# [Working data]
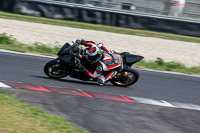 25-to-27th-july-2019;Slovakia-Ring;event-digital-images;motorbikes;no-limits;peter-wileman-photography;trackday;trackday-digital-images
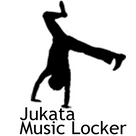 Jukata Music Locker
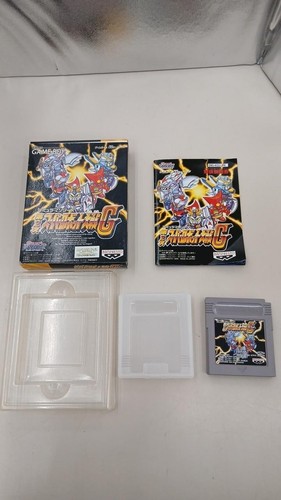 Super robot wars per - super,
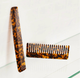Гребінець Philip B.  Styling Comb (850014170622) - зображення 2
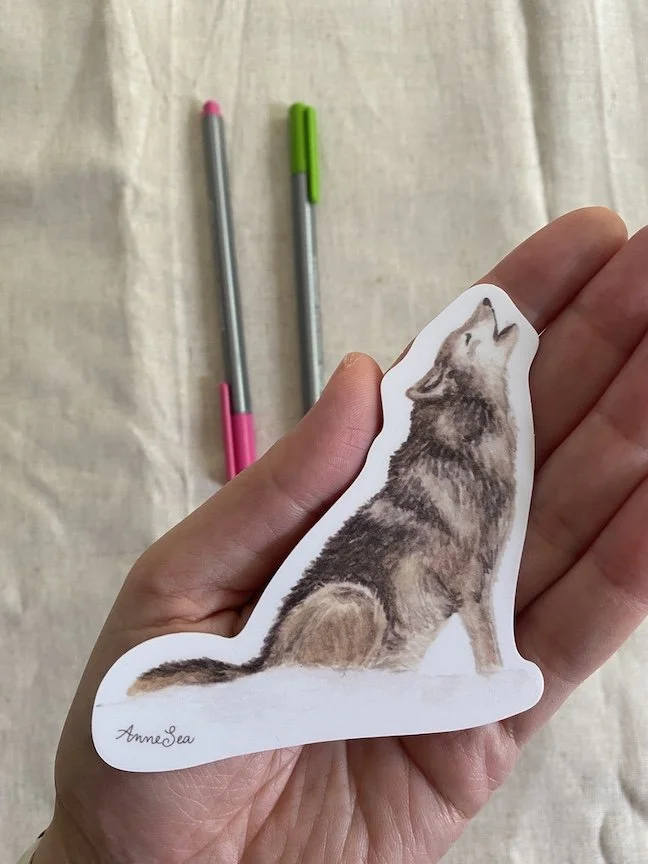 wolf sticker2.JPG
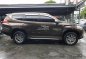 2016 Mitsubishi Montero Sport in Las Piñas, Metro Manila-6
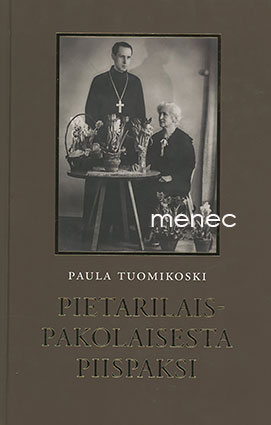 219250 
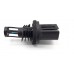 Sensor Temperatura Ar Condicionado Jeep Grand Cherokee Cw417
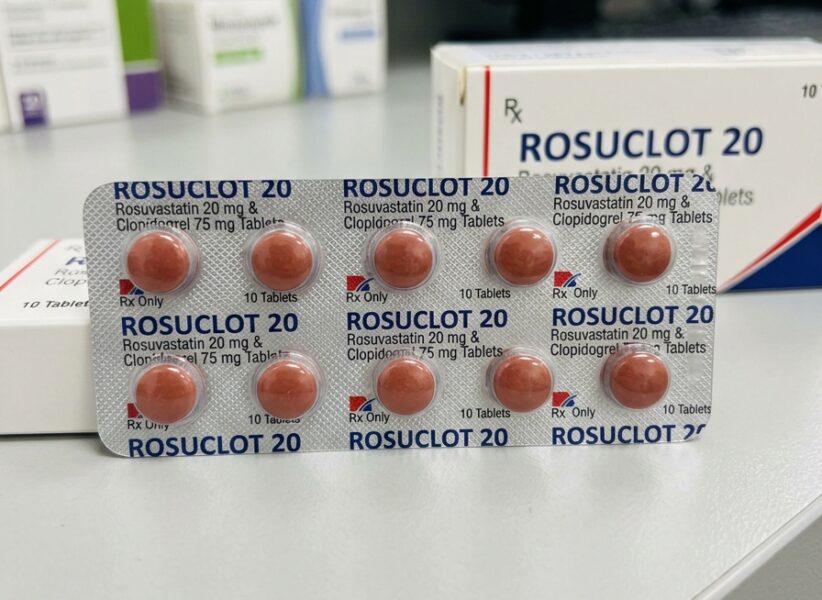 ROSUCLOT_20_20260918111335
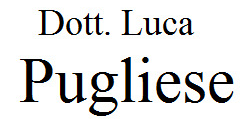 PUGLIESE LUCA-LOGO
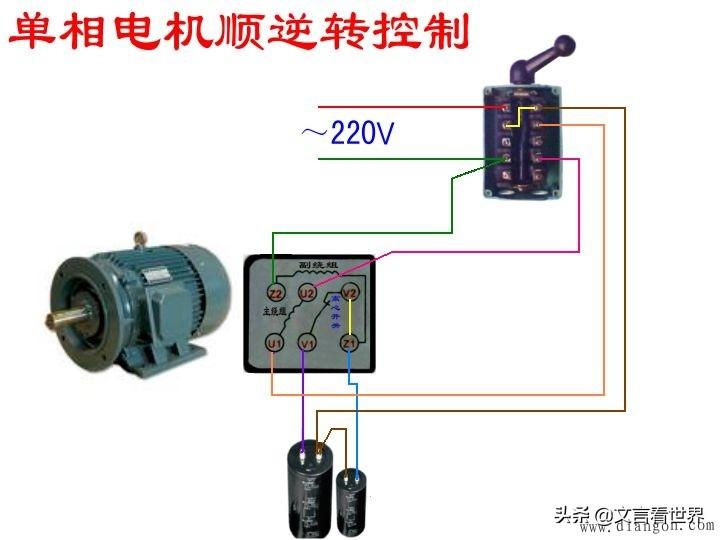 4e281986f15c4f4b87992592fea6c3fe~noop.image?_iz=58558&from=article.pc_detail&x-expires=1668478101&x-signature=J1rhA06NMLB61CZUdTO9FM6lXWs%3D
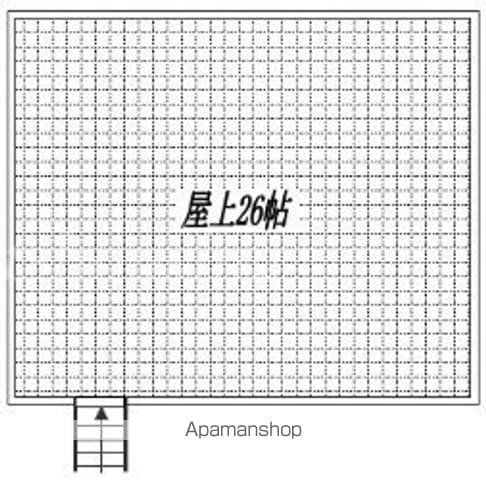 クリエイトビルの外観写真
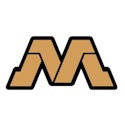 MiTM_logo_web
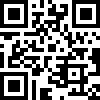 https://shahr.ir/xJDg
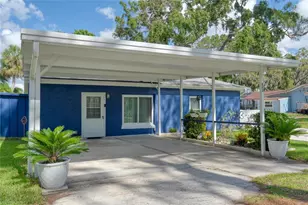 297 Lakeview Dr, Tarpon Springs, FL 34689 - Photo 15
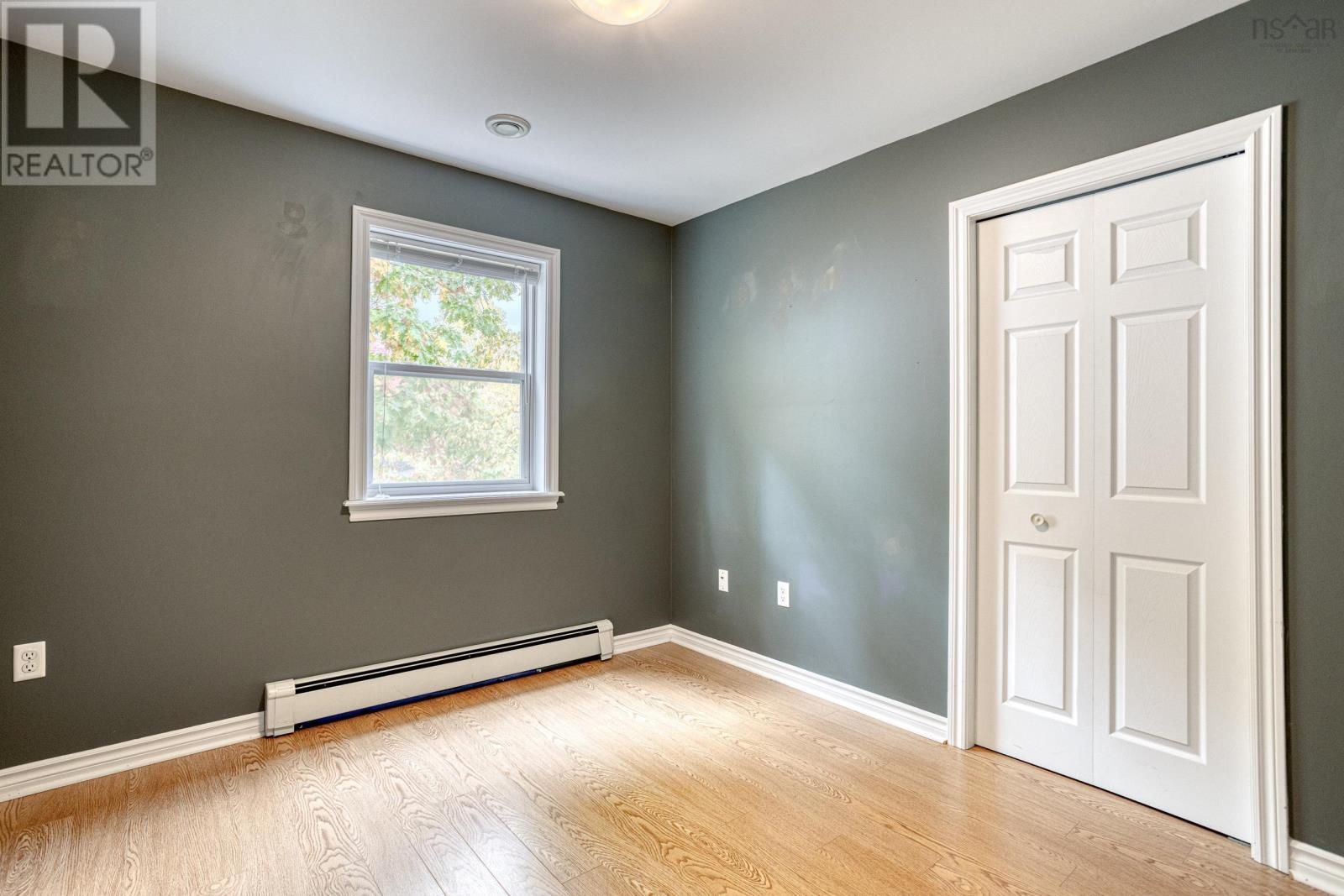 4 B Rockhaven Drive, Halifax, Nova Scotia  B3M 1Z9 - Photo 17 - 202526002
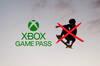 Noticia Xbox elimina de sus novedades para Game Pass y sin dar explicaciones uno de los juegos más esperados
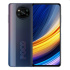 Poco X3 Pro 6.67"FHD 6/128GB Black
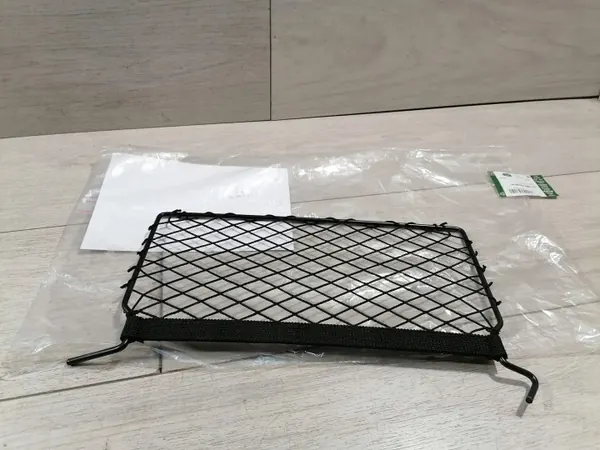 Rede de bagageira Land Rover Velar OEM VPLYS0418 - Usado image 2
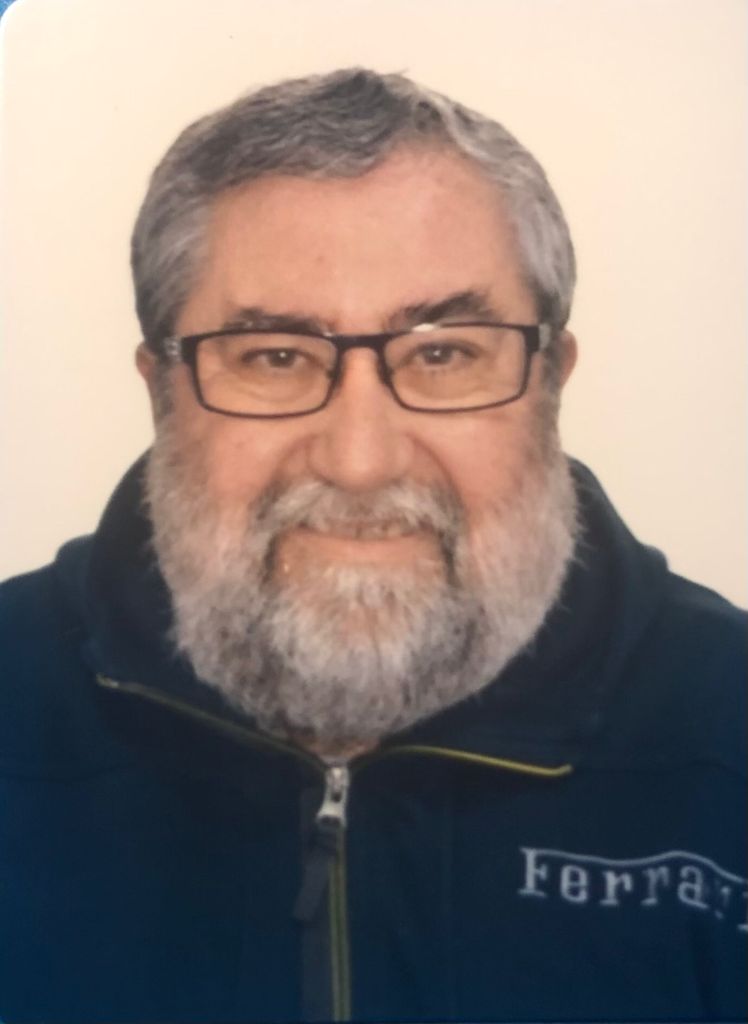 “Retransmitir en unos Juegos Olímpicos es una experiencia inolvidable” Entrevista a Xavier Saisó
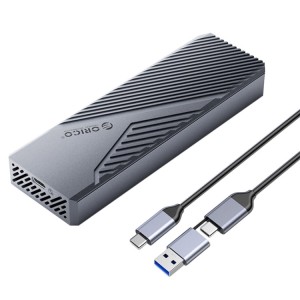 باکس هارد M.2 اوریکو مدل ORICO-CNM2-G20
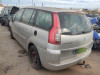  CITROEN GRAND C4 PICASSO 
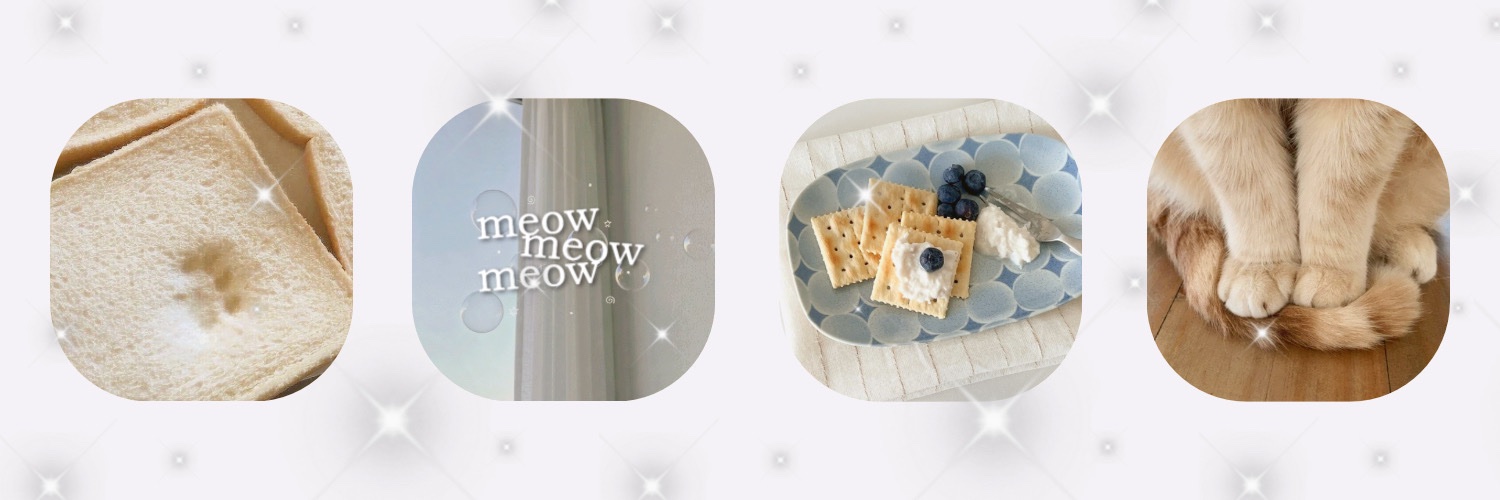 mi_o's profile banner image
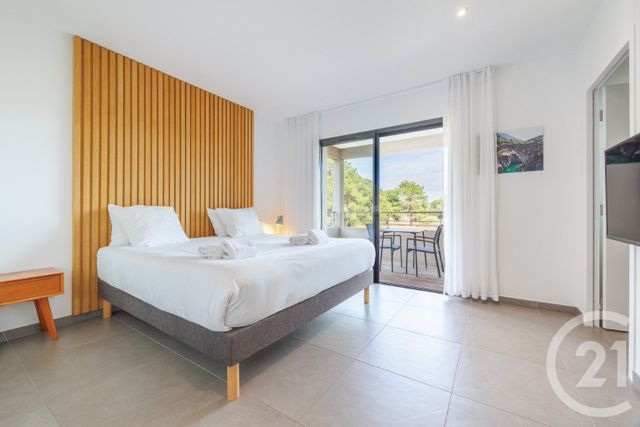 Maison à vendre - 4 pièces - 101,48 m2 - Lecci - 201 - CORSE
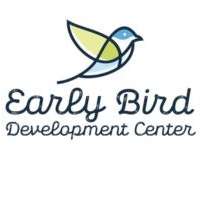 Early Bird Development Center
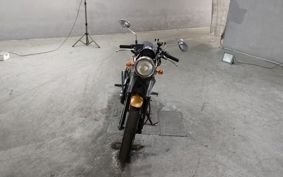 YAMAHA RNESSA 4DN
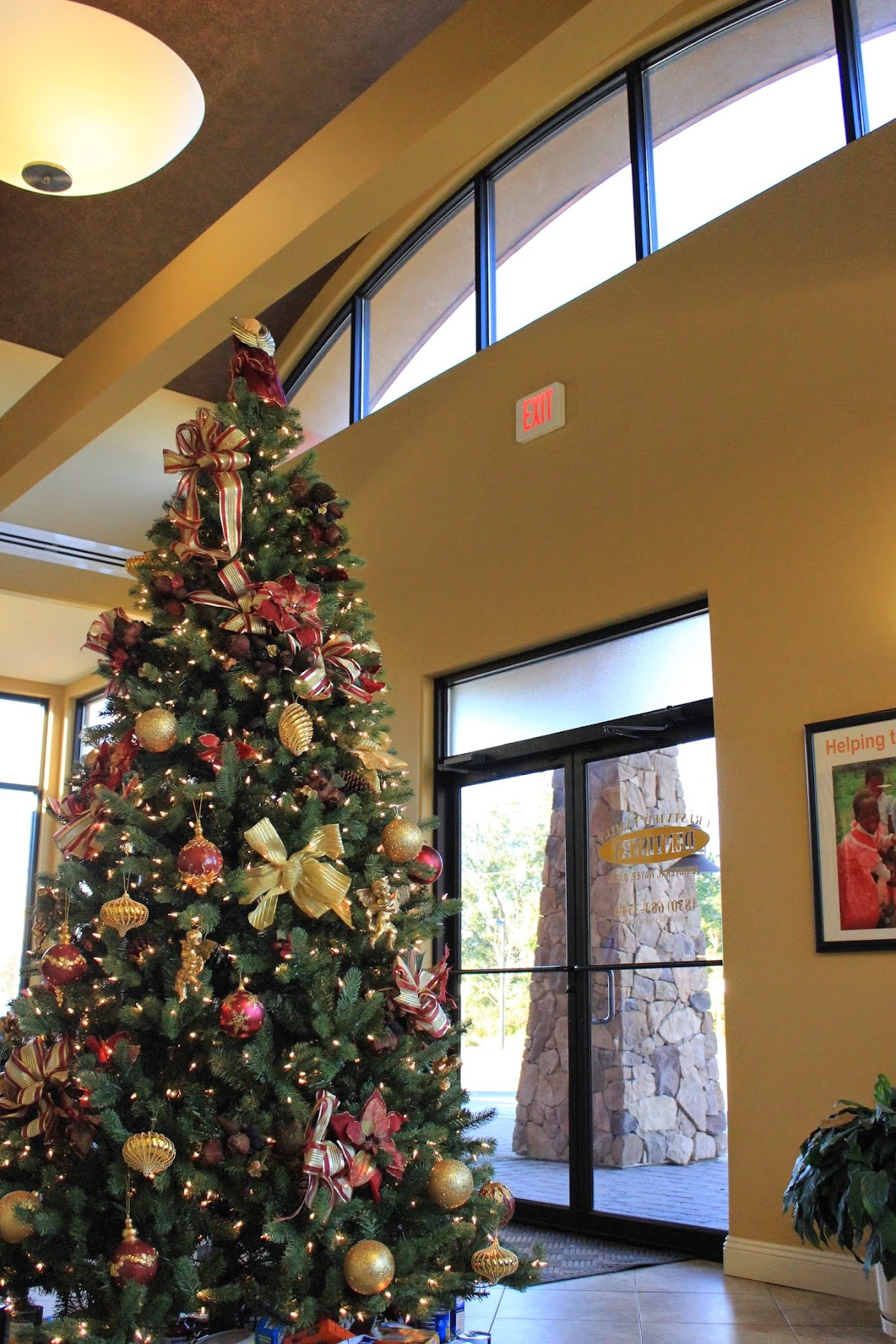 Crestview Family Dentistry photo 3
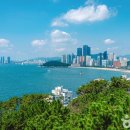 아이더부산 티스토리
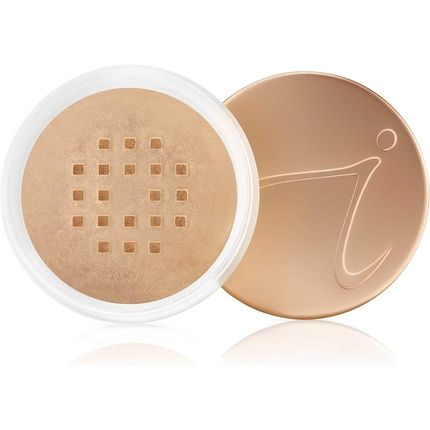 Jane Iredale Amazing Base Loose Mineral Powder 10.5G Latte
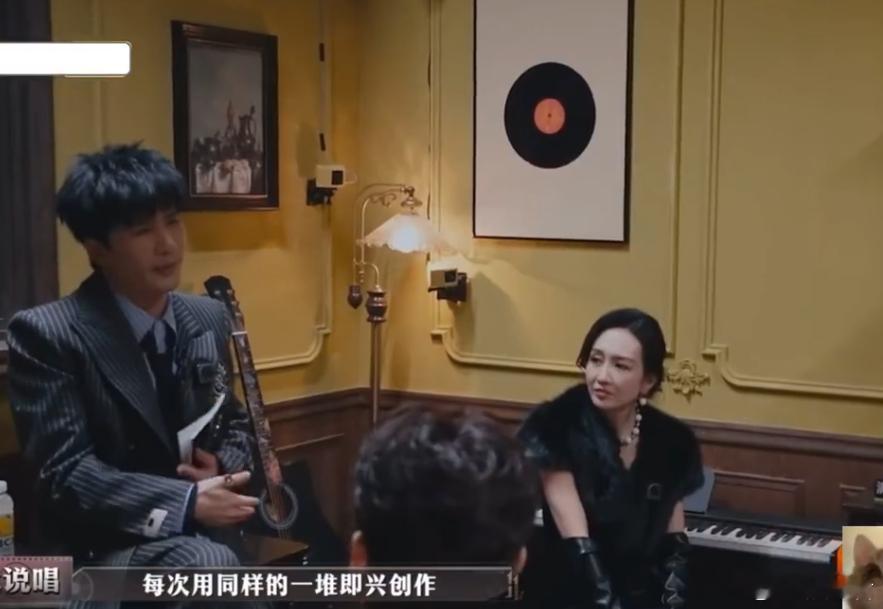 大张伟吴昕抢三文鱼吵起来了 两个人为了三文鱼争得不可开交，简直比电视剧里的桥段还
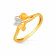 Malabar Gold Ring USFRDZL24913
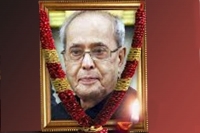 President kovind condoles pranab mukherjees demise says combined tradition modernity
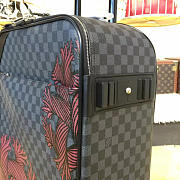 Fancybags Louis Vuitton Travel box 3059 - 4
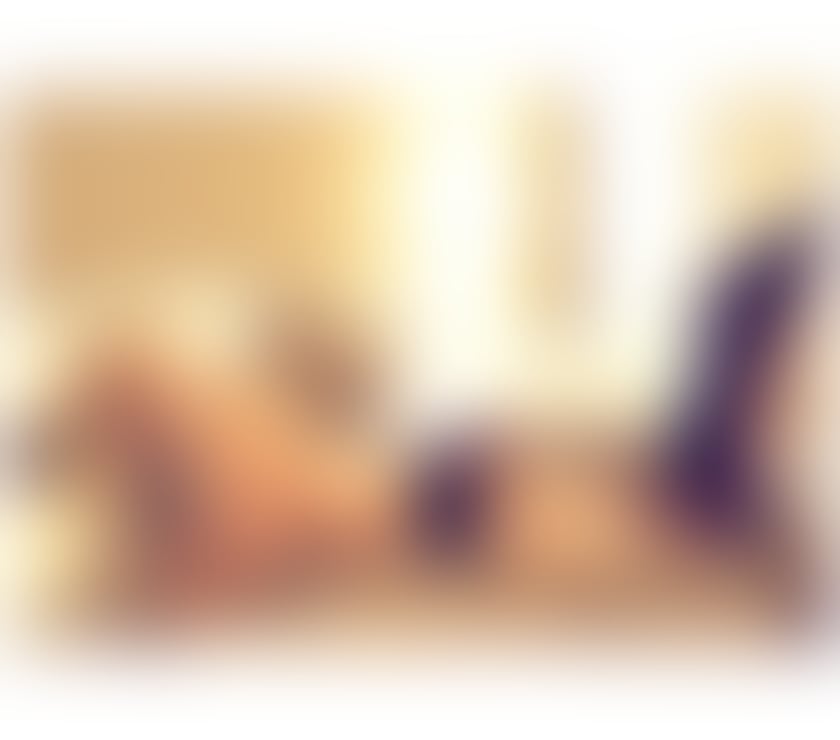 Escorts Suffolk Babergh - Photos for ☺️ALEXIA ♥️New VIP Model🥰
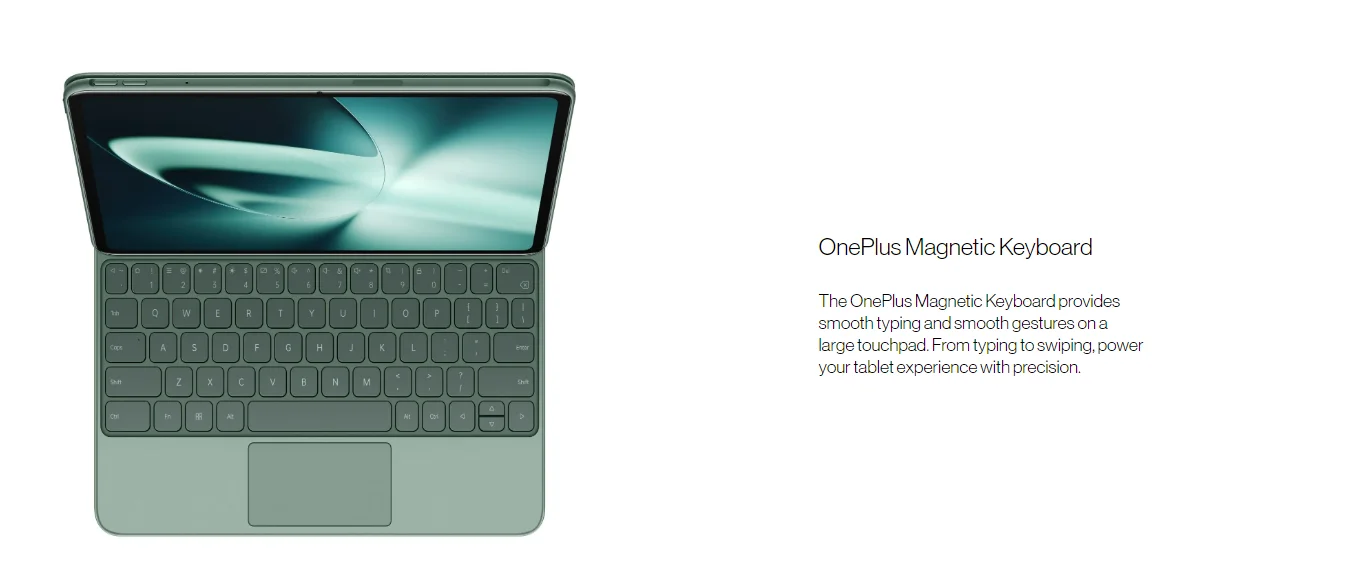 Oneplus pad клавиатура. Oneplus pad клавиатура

# [Exercise directions]
From the line that holds "4 B Rockhaven" down to the last line of the material above, every line is to be copied exactly, both ends included; pictures are to be omitted.

# [Completed exercise]
 4 B Rockhaven Drive, Halifax, Nova Scotia  B3M 1Z9 - Photo 17 - 202526002
 Noticia Xbox elimina de sus novedades para Game Pass y sin dar explicaciones uno de los juegos más esperados
 Poco X3 Pro 6.67"FHD 6/128GB Black
 Rede de bagageira Land Rover Velar OEM VPLYS0418 - Usado image 2
 “Retransmitir en unos Juegos Olímpicos es una experiencia inolvidable” Entrevista a Xavier Saisó
 باکس هارد M.2 اوریکو مدل ORICO-CNM2-G20
  CITROEN GRAND C4 PICASSO 
 mi_o's profile banner image
 Maison à vendre - 4 pièces - 101,48 m2 - Lecci - 201 - CORSE
 Early Bird Development Center
 YAMAHA RNESSA 4DN
 Crestview Family Dentistry photo 3
 아이더부산 티스토리
 Jane Iredale Amazing Base Loose Mineral Powder 10.5G Latte
 大张伟吴昕抢三文鱼吵起来了 两个人为了三文鱼争得不可开交，简直比电视剧里的桥段还
 Malabar Gold Ring USFRDZL24913
 President kovind condoles pranab mukherjees demise says combined tradition modernity
 Fancybags Louis Vuitton Travel box 3059 - 4
 Escorts Suffolk Babergh - Photos for ☺️ALEXIA ♥️New VIP Model🥰
 Oneplus pad клавиатура. Oneplus pad клавиатура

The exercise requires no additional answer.